Cuando nos sentamos en la terraza del Café Tránsito, después del largo paseo, ya estamos en otra historia. Pedimos un gin-tonic y lo tomamos relajadamente, escuchando la deliciosa música que proviene del interior, saboreando la exquisita mezcla (ya se sabe que no todo el mundo sabe mezclar bien la ginebra con la tónica, ni añadir la porción justa de limón, nunca de naranja, como hacen ahora en algunos sitios). Una agradable brisa mueve las hojas de los árboles, también las primeras que han caído al suelo. El otoño se va instalando poco a poco: comienza a afianzarse. Septiembre es el mes en el que los melocotones ya están demasiado maduros y es también el mes en el que, con un poco de suerte, podremos comer los primeros higos. En octubre, por mi cumpleaños, ya podíamos comer los que maduraban en la higuera que había delante de la casa de los abuelos y de la que hablaba aquí el otro día. Mi cumpleaños siempre va asociado a ese sabor, el de los higos. Tan dulce, tan cargado de recuerdos de otras épocas. Veo a mi madre allí sentada, debajo de la higuera, disfrutando de su sabor, uno de sus favoritos. Y quiero que esa imagen no se borre de mi cabeza nunca (no lo hará). La madre que comía los primeros higos de la temporada y que disfrutaba viendo cómo su hijo planificaba sus cumpleaños. Así, un año tras otro, que siempre he sido de celebrar los cumpleaños de manera importante, con más dinero o con menos. A ver qué pasa este año.
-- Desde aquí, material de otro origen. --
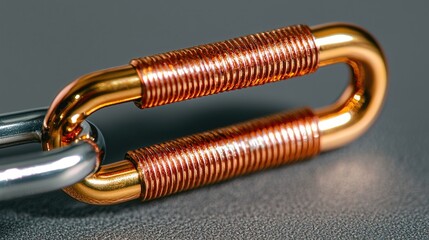 Close-up of copper-wrapped link in metal chain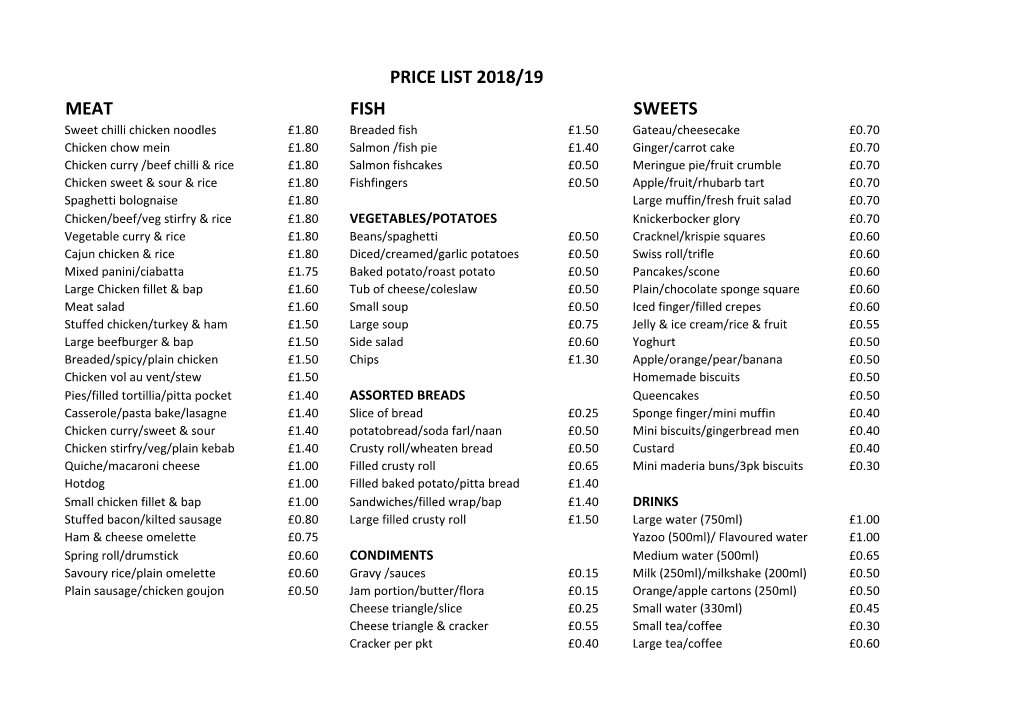 Price List 2018/19 Meat Fish Sweets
Contemplo el movimiento de las hojas, siento el sabor del gin-tonic en la garganta y escucho la música que viene del interior del café. Por un momento, parece que no estuviésemos en esta ciudad, la nuestra, sino en algún otro rincón europeo. Me deleito con esa imagen, la de mi madre en aquel tiempo, y mantengo la nostalgia a raya. Cinco minutos. Para ella, es más que suficiente.